··· Task input
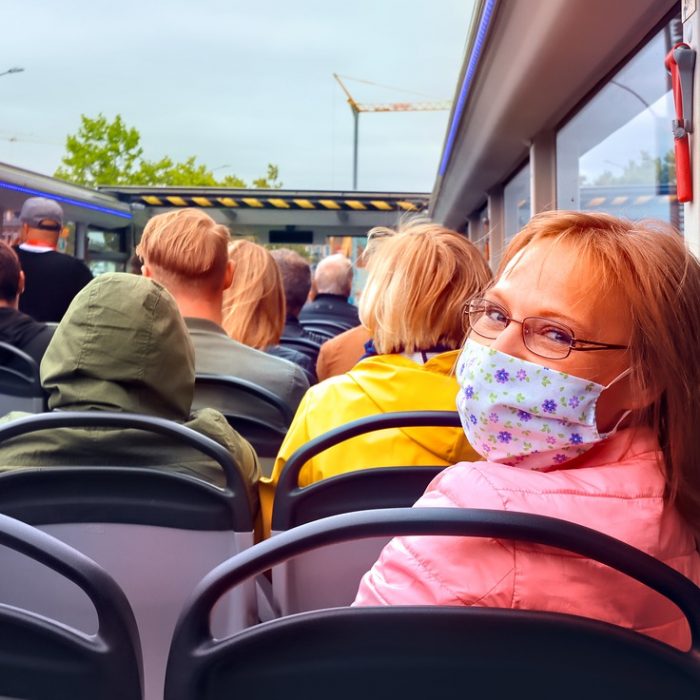 Czy w środkach komunikacji publicznej łatwiej zarazisz się COVID-19? Niemcy to zbadali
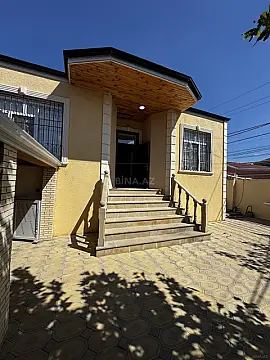 Satılır 4 otaqlı həyət evi 130 m² — Bakı 4 otaq 130.00 m²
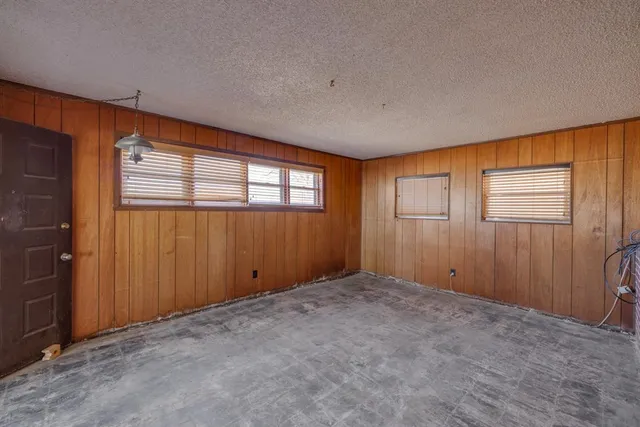 a view of livingroom with furniture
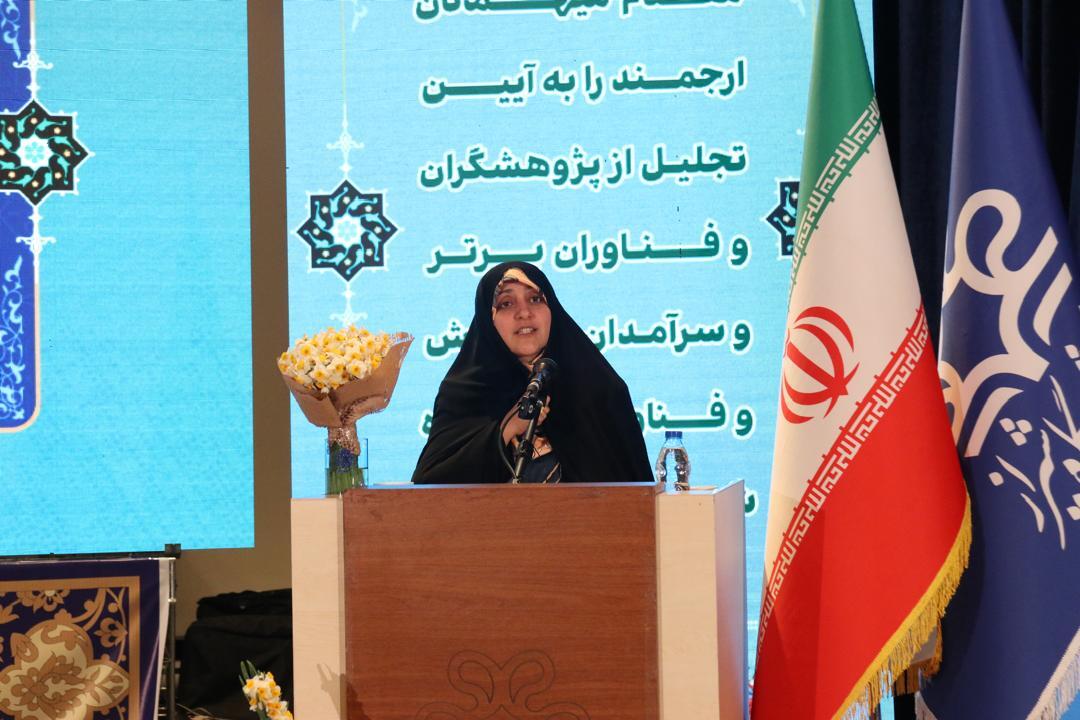 زهرا بهروزآذر، معاون رئیس‌جمهور در امور زنان و خانواده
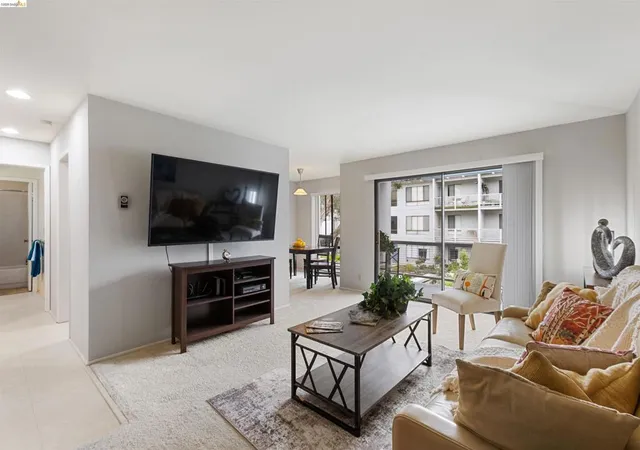 5th image of 8 Captain Dr #E356, Emeryville, CA 94608 | MLS# 41141057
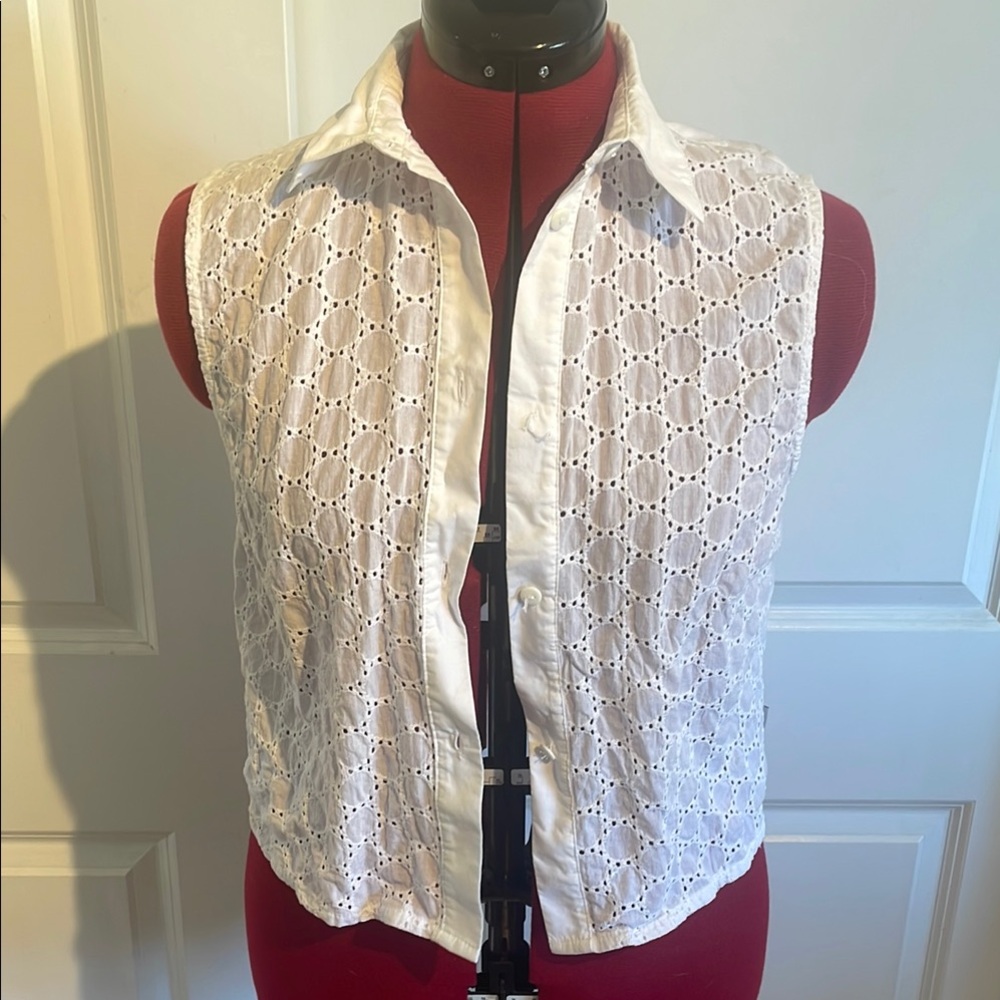 Linen sleeveless collared shirt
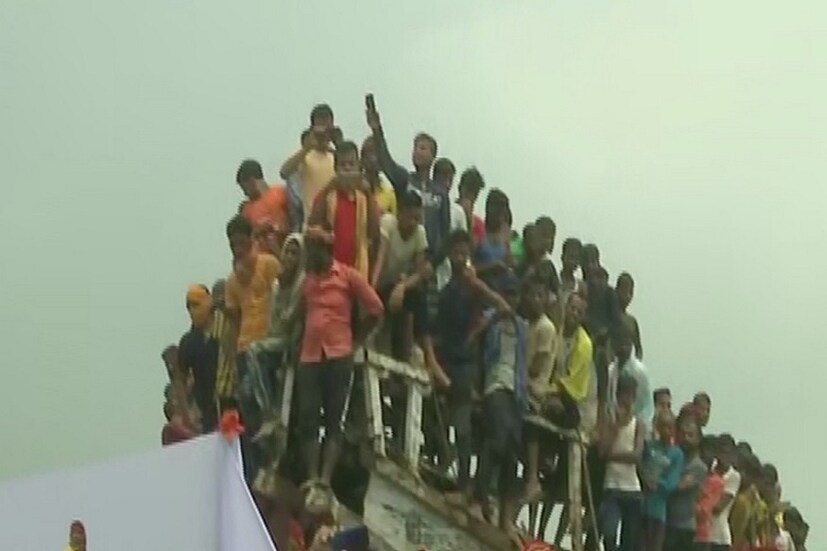 রাষ্ট্রীয় মর্যাদায় তাঁর শেষকৃত্য সম্পন্ন হয়। তাঁকে দেখতে আশেপাশের অঞ্চ থেকে কয়েক হাজার মানুষ জমা হয়। শহিদকে শেষ শ্রদ্ধা জানাতে এসেছিলেন সুশীল মোদি, তেজস্বী যাদবও।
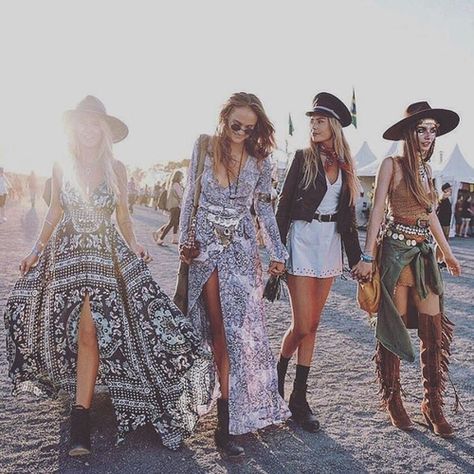 <3 Pinterest ~ InstaGram @rekataylor <3 Mode Coachella, Geek Outfit, Bohemian Schick, Cochella Outfits, Boho Winter Outfits, Festival Mode, Stile Boho Chic, Look Boho Chic, Look Festival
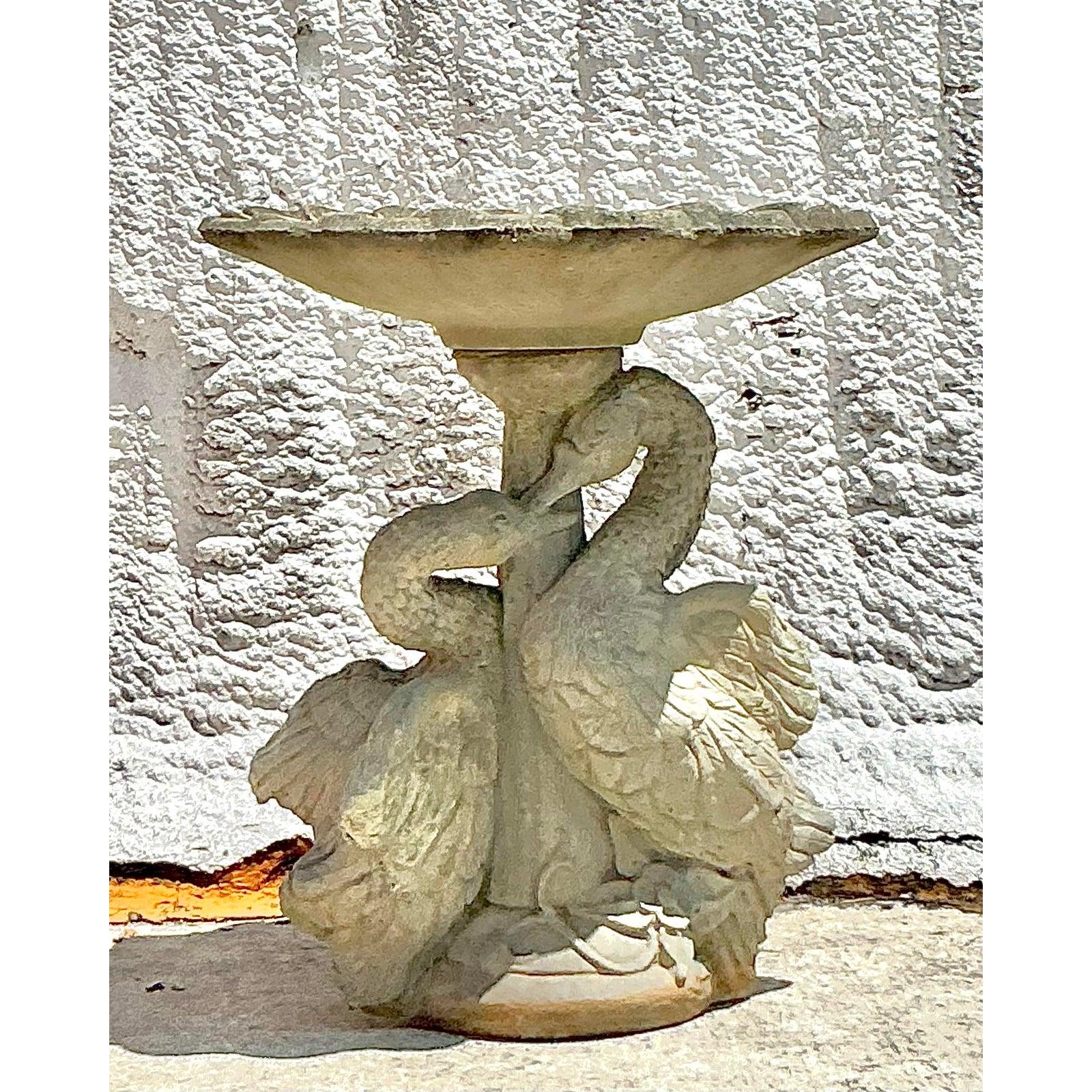 Ajoutez une touche d'élégance et de charme à votre jardin ou à votre espace extérieur avec ce bain d'oiseaux en béton moulé de style Vintage Regency, dont la base sculpturale exquise représente deux cygnes gracieux enlacés dans une étreinte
······
**Activity**
Only the lines from the line with "Linen sleeveless collared shirt" through the closing line of the data, both included, should be set down, exactly as written and without pictures.

**Result of the exercise**
 Linen sleeveless collared shirt
 রাষ্ট্রীয় মর্যাদায় তাঁর শেষকৃত্য সম্পন্ন হয়। তাঁকে দেখতে আশেপাশের অঞ্চ থেকে কয়েক হাজার মানুষ জমা হয়। শহিদকে শেষ শ্রদ্ধা জানাতে এসেছিলেন সুশীল মোদি, তেজস্বী যাদবও।
 <3 Pinterest ~ InstaGram @rekataylor <3 Mode Coachella, Geek Outfit, Bohemian Schick, Cochella Outfits, Boho Winter Outfits, Festival Mode, Stile Boho Chic, Look Boho Chic, Look Festival
 Ajoutez une touche d'élégance et de charme à votre jardin ou à votre espace extérieur avec ce bain d'oiseaux en béton moulé de style Vintage Regency, dont la base sculpturale exquise représente deux cygnes gracieux enlacés dans une étreinte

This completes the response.